A: The TV crews and radio teams do have access to live monitors courtside and often use them to call the games, sometimes even when they have unobstructed views but particularly when a coach or a player or a ref gets in their way.
I actually had a long chat with Jack about the college game last week when we were home – I think it was before the Monday game? And we both agreed the depth of talent is basically non-existent, the passion is real and genuine but it’s not really that good all around.
We both prefer the NBA game.
Q: Hey Doug
What are your thoughts on how potential playoff teams are scouting the current raptors roster? Without Lowry in the fold, I would feel that it would be hard to predict what plays will be run on offence and hard to create a defensive gameplan.

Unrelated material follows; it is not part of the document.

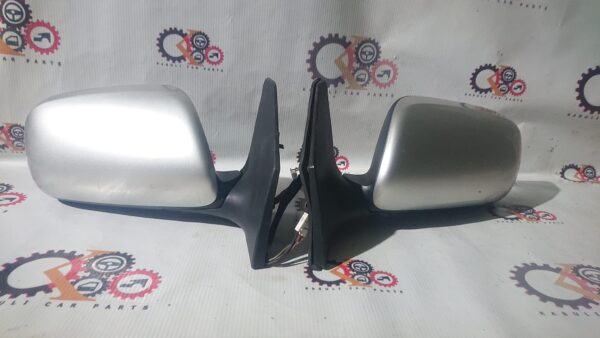 Toyata Avensis Genuine Retractable Side Mirrors Pair 2004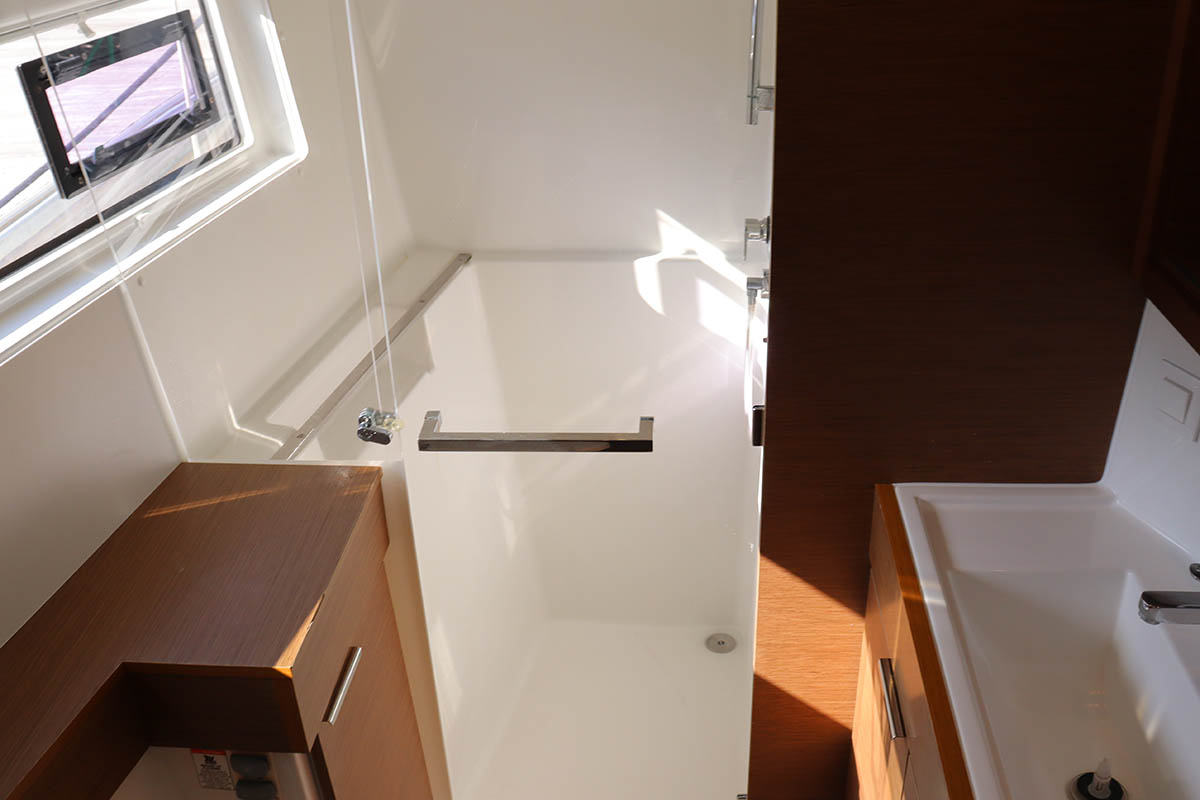 Lagoon 40 - 3 + 2 cab — photo 28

On the other side of the coin, would you think it’s hard for Casey and staff to know how this team will play with Lowry and could their be a potential of chemistry issues rising during the playoffs?
What I’m asking, do you think we are at an advantage coming into the playoffs because the opponent won’t have film on a complete raptors team?
A: I don’t think it’s an advantage or a disadvantage either way. Players and coaches are so quickly able to adapt to what’s going on that it doesn’t really matter that Lowry hasn’t played in a while and that he’s never played with Ibaka and Tucker.
There seriously are only about four “plays” and every team runs them, it’s the reactions to reactions and counters to counters that matter and you can’t scout that.
Q: Hi Doug,
Thanks for all the hard work that you do covering the Raptors! Can you please find out if any of the Raptors agree with Kyrie Irving, and Shaq that the world is flat??!! I sincerely hope not. Interested to hear your take on Irving and Shaq’s beliefs.
My reaction? Yawn. And people are crazy.
Q: Hello Doug!
Much has been made of the importance of the Raptors trying to finish third in the East in order to avoid a potential second-round meeting with Cleveland. (Assuming, of course, Toronto gets out of the first round, and history tells us that is not necessarily a safe assumption.)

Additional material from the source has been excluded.